Gli ori italiani di questi Giochi infatti hanno avuto un tratto comune: nessuno è stato lineare. Nessuna carriera è stata perfetta così come nessun percorso si è dimostrato privo di crepe. Ma è proprio lì, nelle crepe che noi abbiamo visto la luce.
Allora qual è la vera domanda? Non smettere mai di provarci? Ma cosa significa veramente? Significa accettare che il talento non basta e che il successo non è una traiettoria ascendente, ma una curva piena di deviazioni. Significa anche allenarsi quando nessuno guarda, significa esporsi alla possibilità di perdere ancora.
È una lezione che va oltre lo sport. Perché nella vita reale non abbiamo uno stadio pieno a sostenerci e non abbiamo un podio che certifica il risultato. Quello che però abbiamo sono le nostre scelte quotidiane accompagnate da fallimenti silenziosi e ripartenze invisibili. Le storie olimpiche infatti ci ricordano che la perseveranza è fiducia nel processo e non ostinazione cieca.
Perché le Olimpiadi ci toccano così a fondo
Ogni quattro anni accade qualcosa di raro: ci sentiamo parte di un “noi”. Le Olimpiadi infatti trasformano la competizione individuale in un racconto collettivo. Noi non tifiamo solo per un atleta, ma per una storia in cui riconosciamo qualcosa di nostro, che sia la fatica, l’attesa o semplicemente la voglia di riscatto.
I giochi ci offrono uno spazio emotivo condiviso e ci ricordano che il limite è in realtà un confine da esplorare. E c’è anche un altro aspetto, più sottile: le Olimpiadi rendono visibile la fragilità. Un atleta che cade o che piange normalizza qualcosa che nella vita quotidiana tendiamo a nascondere. Ci autorizza a non doverci mostrare come esseri invincibili.

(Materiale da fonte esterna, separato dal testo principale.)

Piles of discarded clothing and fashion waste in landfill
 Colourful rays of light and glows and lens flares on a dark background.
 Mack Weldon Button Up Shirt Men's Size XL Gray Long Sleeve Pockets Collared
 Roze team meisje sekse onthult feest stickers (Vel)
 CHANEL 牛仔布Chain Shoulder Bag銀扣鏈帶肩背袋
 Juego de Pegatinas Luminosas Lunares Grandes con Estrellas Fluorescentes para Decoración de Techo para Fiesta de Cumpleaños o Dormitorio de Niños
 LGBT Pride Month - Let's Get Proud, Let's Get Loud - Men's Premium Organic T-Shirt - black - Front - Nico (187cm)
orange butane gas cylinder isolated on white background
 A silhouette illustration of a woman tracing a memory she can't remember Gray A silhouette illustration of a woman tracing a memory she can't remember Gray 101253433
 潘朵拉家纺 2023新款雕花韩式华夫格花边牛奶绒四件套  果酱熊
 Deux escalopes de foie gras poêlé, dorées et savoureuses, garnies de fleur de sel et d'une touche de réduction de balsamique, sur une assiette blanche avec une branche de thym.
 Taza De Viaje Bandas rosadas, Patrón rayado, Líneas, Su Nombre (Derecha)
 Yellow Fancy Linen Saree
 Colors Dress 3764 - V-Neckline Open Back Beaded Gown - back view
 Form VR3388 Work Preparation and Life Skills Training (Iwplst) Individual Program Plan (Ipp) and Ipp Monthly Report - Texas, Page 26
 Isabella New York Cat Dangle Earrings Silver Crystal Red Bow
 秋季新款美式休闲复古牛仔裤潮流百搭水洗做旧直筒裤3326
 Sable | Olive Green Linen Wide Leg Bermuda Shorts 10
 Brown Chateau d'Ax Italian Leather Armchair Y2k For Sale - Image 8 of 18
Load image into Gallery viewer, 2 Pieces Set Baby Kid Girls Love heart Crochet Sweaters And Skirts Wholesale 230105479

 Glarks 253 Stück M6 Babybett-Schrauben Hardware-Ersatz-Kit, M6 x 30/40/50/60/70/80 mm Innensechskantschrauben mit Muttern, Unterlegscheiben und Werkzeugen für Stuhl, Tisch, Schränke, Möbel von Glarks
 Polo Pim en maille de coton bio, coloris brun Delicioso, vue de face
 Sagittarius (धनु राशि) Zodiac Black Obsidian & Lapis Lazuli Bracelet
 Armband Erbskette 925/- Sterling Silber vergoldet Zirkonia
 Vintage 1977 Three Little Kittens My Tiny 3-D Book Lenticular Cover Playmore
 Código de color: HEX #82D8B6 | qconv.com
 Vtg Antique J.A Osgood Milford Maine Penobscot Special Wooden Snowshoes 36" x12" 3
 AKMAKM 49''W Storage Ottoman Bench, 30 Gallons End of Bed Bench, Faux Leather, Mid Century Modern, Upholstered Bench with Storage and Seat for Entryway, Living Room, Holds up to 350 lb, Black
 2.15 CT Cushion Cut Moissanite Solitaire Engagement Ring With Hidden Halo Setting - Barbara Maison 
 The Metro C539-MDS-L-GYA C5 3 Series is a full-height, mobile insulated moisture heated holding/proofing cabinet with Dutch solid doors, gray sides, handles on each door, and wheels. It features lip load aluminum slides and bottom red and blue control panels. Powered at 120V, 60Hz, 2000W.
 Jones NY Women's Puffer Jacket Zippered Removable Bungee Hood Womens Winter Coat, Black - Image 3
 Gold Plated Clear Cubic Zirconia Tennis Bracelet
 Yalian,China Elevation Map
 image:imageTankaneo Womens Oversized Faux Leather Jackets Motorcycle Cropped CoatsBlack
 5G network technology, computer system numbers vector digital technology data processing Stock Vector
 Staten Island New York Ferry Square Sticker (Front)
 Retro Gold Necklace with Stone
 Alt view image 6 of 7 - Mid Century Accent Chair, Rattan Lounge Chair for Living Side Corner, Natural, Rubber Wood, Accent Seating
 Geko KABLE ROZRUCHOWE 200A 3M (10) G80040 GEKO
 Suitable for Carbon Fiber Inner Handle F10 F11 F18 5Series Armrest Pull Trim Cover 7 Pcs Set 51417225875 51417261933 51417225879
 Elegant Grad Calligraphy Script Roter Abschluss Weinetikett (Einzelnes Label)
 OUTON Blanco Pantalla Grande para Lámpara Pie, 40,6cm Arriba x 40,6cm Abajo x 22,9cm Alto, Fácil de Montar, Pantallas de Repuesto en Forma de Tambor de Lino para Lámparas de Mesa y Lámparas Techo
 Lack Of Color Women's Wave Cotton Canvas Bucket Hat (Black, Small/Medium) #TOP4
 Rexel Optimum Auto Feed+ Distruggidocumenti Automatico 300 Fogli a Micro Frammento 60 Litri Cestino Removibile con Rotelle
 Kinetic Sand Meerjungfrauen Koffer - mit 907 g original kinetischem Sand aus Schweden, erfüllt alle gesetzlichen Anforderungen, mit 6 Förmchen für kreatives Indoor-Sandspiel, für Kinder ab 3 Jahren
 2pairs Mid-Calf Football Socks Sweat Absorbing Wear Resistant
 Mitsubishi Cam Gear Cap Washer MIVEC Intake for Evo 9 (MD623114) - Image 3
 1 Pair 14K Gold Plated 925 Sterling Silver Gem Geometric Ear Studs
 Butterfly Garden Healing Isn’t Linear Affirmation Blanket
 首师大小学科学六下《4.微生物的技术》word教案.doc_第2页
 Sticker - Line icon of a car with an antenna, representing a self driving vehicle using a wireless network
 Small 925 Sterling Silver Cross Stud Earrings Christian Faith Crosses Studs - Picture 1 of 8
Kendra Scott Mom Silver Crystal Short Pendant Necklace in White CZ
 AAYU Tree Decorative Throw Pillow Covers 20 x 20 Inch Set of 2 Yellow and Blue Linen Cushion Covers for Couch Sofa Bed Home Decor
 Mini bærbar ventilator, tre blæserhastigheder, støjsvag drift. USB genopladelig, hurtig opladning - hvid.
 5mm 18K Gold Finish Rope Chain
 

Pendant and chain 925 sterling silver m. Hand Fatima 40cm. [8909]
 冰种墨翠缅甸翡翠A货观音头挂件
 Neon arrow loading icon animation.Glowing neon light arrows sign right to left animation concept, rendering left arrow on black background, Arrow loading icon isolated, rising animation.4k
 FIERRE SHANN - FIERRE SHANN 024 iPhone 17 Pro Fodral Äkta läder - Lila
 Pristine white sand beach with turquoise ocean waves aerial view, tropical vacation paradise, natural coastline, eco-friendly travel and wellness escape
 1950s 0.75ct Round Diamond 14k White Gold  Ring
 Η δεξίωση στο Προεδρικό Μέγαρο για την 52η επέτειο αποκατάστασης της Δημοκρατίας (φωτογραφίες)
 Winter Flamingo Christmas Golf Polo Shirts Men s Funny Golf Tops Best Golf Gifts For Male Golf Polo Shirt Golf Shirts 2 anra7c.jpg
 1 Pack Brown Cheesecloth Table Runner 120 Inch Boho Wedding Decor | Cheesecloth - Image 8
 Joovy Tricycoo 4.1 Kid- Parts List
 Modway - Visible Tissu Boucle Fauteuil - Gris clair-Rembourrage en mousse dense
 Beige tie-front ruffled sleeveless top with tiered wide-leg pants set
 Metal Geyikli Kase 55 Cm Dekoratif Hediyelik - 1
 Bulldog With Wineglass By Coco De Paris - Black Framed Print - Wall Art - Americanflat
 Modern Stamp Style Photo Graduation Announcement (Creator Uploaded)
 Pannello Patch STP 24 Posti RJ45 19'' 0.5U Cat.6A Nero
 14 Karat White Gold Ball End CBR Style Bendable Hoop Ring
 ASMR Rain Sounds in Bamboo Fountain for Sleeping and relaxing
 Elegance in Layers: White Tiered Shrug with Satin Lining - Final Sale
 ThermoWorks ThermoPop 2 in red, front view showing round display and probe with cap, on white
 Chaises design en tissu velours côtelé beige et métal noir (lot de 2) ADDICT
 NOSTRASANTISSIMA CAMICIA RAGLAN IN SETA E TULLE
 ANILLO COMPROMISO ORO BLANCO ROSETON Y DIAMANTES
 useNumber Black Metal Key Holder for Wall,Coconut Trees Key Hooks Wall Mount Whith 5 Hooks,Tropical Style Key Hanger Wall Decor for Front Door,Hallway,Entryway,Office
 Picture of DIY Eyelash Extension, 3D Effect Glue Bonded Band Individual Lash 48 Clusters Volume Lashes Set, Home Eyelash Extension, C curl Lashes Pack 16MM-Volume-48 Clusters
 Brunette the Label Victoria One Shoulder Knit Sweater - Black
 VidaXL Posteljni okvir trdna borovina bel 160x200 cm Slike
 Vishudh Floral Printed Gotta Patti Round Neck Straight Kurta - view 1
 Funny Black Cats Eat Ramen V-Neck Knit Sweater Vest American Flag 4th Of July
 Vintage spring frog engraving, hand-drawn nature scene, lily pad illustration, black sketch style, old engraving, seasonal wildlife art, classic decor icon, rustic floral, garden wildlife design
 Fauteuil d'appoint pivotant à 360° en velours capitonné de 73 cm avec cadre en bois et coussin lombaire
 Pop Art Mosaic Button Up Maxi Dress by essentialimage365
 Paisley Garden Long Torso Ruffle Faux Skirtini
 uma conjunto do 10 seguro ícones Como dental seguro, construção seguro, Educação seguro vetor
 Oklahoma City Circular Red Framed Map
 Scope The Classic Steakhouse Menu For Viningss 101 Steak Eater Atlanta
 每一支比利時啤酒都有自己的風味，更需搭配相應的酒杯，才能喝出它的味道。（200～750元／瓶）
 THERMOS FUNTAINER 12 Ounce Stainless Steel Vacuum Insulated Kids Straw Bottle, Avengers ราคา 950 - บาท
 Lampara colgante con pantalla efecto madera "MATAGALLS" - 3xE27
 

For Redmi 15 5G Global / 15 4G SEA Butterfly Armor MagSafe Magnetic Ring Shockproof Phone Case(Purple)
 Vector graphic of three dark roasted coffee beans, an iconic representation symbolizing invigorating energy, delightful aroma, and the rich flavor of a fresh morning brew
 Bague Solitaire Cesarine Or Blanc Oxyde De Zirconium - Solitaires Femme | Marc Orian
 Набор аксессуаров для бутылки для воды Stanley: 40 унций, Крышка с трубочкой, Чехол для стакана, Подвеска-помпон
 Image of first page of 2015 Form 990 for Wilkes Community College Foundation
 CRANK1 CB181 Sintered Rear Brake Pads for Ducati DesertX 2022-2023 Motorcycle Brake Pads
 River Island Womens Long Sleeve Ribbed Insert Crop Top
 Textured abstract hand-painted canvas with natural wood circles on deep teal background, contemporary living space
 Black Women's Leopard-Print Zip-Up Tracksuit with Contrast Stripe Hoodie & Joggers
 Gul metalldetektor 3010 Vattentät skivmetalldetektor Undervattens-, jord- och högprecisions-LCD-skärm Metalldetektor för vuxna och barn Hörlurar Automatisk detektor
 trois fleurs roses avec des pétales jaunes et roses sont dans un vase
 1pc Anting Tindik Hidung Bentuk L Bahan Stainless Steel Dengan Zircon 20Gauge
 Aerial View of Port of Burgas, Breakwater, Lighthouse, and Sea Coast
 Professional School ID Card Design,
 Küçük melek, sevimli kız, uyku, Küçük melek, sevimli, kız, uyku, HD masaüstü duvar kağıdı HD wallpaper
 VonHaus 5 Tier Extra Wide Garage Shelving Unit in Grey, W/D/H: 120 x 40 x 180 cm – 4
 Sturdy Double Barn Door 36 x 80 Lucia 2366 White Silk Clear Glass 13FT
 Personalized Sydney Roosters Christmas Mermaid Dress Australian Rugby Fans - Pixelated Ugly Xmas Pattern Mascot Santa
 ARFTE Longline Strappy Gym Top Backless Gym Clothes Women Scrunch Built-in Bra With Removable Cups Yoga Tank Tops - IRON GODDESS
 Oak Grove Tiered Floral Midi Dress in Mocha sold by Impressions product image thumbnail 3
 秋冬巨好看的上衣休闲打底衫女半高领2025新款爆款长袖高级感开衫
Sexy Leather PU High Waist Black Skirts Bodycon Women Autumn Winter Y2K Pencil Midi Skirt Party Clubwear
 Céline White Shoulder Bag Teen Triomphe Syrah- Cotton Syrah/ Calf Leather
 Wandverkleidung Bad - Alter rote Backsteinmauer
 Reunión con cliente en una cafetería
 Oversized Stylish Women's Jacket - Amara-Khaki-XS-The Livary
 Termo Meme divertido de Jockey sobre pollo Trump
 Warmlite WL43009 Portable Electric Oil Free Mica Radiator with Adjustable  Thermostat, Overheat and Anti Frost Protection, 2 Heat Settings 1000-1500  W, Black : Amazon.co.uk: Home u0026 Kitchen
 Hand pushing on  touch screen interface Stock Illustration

Cosa ci lasciano davvero, quando tutto finisce
Quando il villaggio olimpico si svuota e le arene tornano silenziose, resta una domanda personale: cosa facciamo di quello che abbiamo visto?
Le Olimpiadi ci lasciano un modello diverso di successo, ci lasciano la consapevolezza che il corpo ha memoria, ma anche capacità di rinascita.
Soprattutto, ci lasciano un invito: continuare a provarci, ma non per vincere una medaglia, ma per onorare il nostro percorso, con la stessa determinazione con cui un’atleta torna in pista dopo mesi di riabilitazione. Le Olimpiadi finiscono lo sappiamo, invece la resilienza, quella vera, inizia quando torniamo alla nostra vita quotidiana.
E volete sapere la cosa più bella? È ricordarsi come anche lontano dal podio, possiamo essere straordinari.